◆ YOUR INSTRUCTIONS
The exercise calls for the lines from the one containing "Female Scratching Her" to the end of the data below to be output exactly, pictures excluded.

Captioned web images
-- Opening Marker --
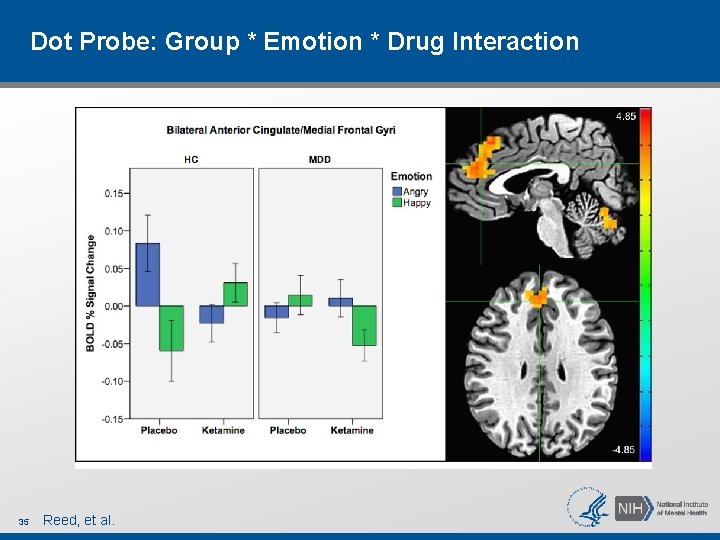 Dot Probe: Group * Emotion * Drug Interaction 35 Reed, et al. Dot Probe: Group * Emotion * Drug Interaction 35 Reed, et al.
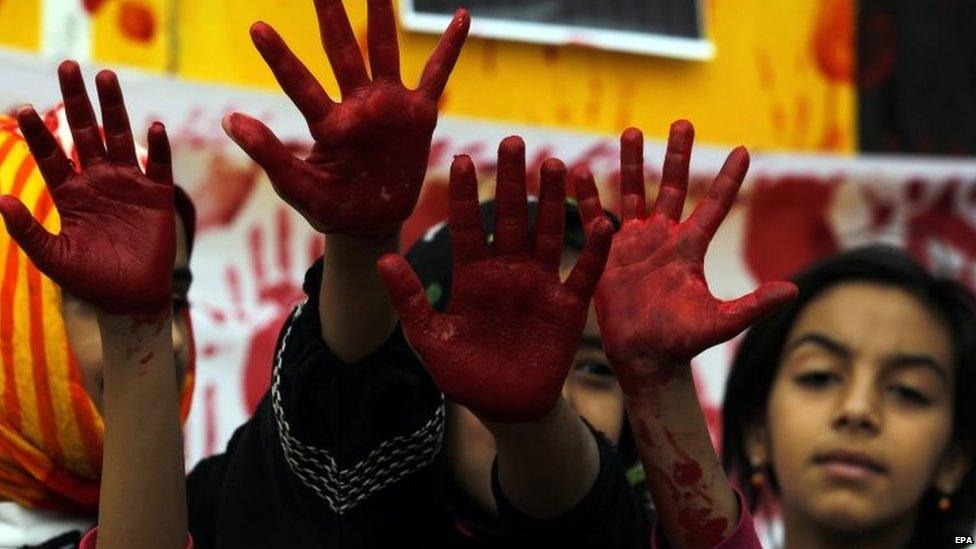 Yemenis loyal to the Houthi movement show their red-painted palms, a symbol of silent protest, during a protest against the Saudi-led military operations in the capital Sanaa (09 July 2015)
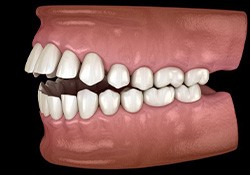 Side view illustration of an open bite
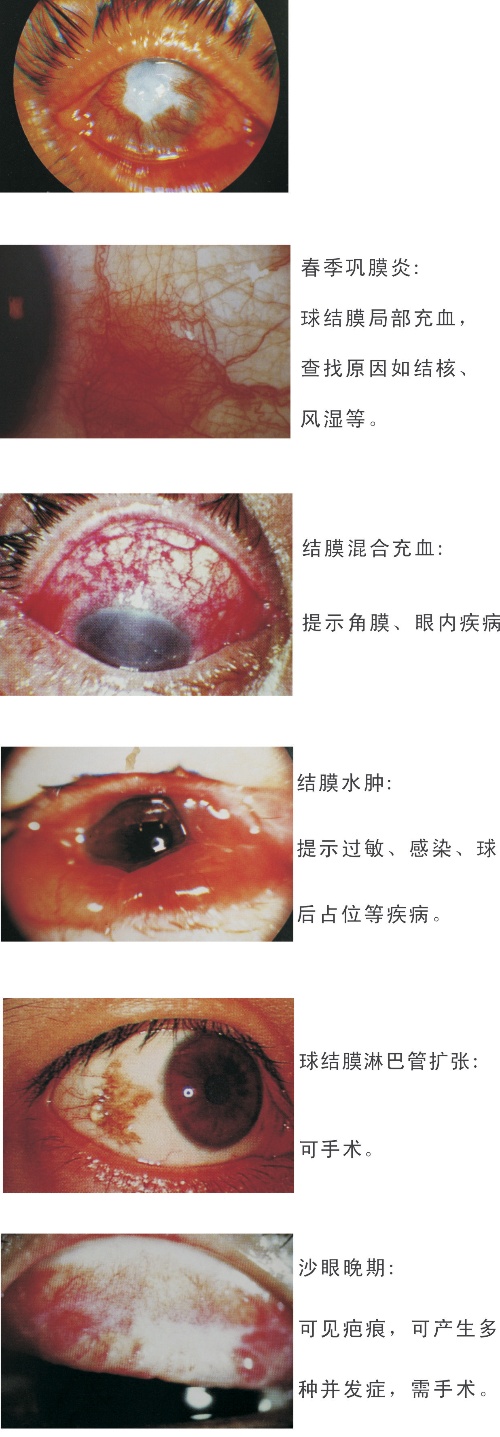 春季巩膜炎、结膜混合充血、结膜水肿、球结膜淋巴管扩张、沙眼晚期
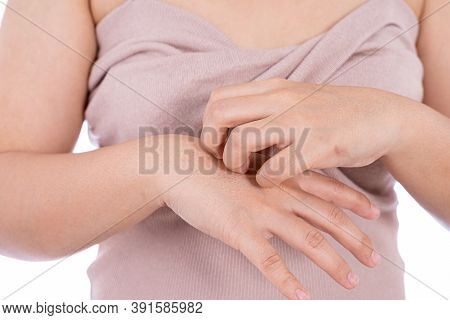 Female Scratching Her Hand Isolated White Background. Medical, Healthcare For Advertising Concept.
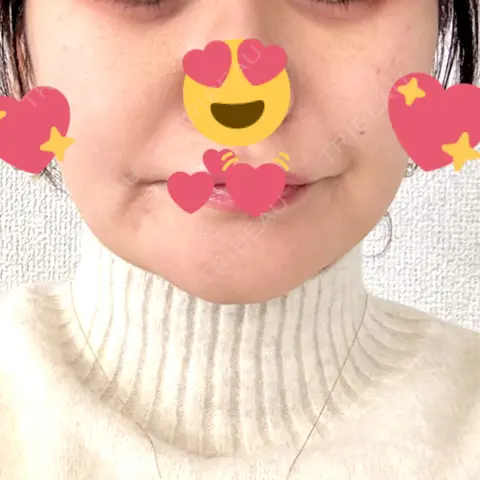 ピコレーザートーニング（美白・肝斑） / ピコスポット おおかみ美容のクリニック 新宿院 DAY 0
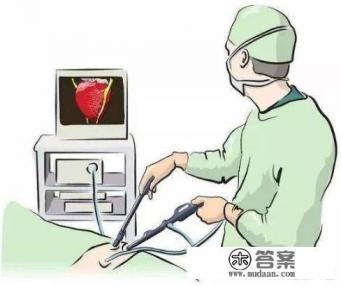 腹腔镜手术疼吗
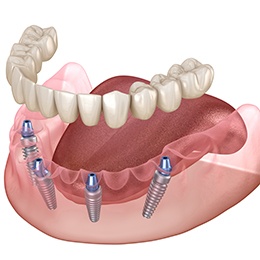 Illustration of implant dentures in Nepean, ON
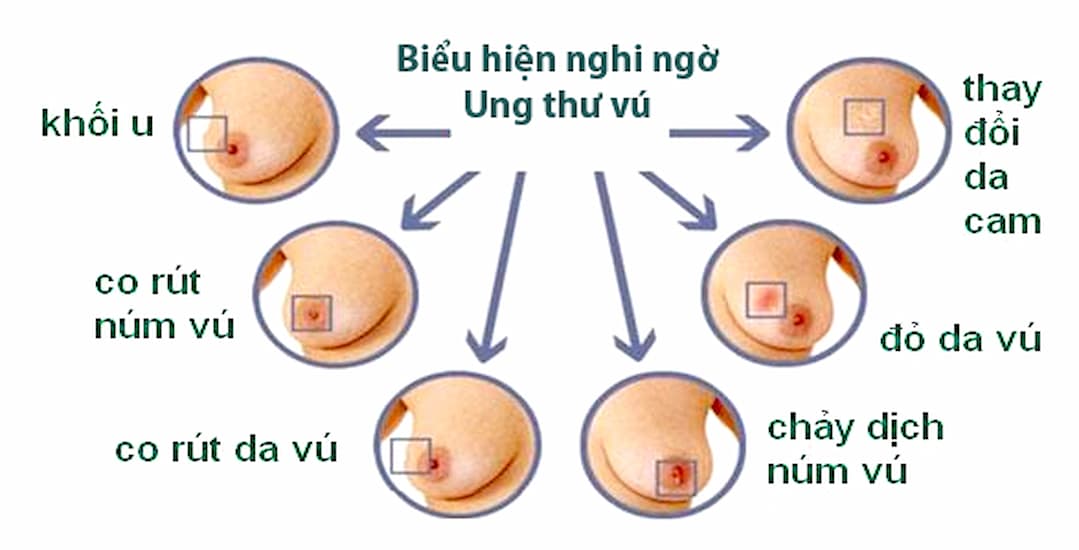 Các triệu chứng của bệnh ung thư vú phổ biến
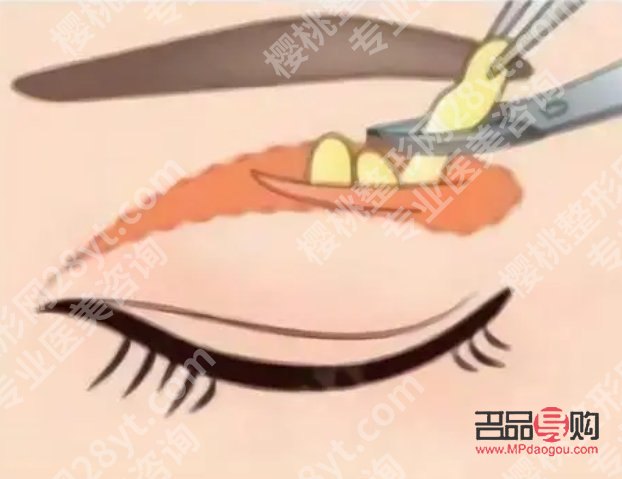 眼皮去脂肪手术费用大概是多少？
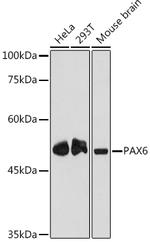 PAX6 Antibody in Western Blot (WB)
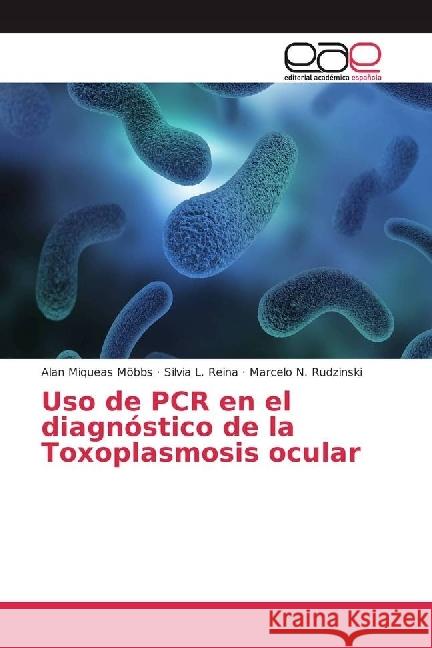 Uso de PCR en el diagnóstico de la Toxoplasmosis ocular Möbbs, Alan Miqueas; Reina, Silvia L.; Rudzinski, Marcelo N. 9786202243223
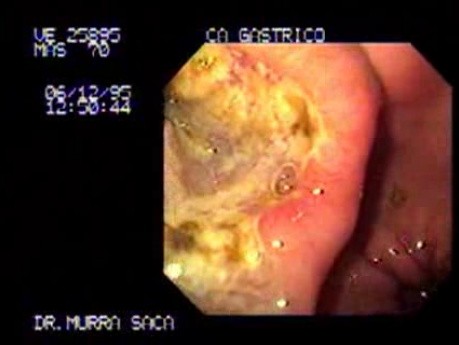 Ulcerative Adenocarcinoma of the Gastric Body - Endoscopy 2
-- Closing Marker --
◆ ANSWER SECTION
 Female Scratching Her Hand Isolated White Background. Medical, Healthcare For Advertising Concept.
 ピコレーザートーニング（美白・肝斑） / ピコスポット おおかみ美容のクリニック 新宿院 DAY 0
 腹腔镜手术疼吗
 Illustration of implant dentures in Nepean, ON
 Các triệu chứng của bệnh ung thư vú phổ biến
 眼皮去脂肪手术费用大概是多少？
 PAX6 Antibody in Western Blot (WB)
 Uso de PCR en el diagnóstico de la Toxoplasmosis ocular Möbbs, Alan Miqueas; Reina, Silvia L.; Rudzinski, Marcelo N. 9786202243223
 Ulcerative Adenocarcinoma of the Gastric Body - Endoscopy 2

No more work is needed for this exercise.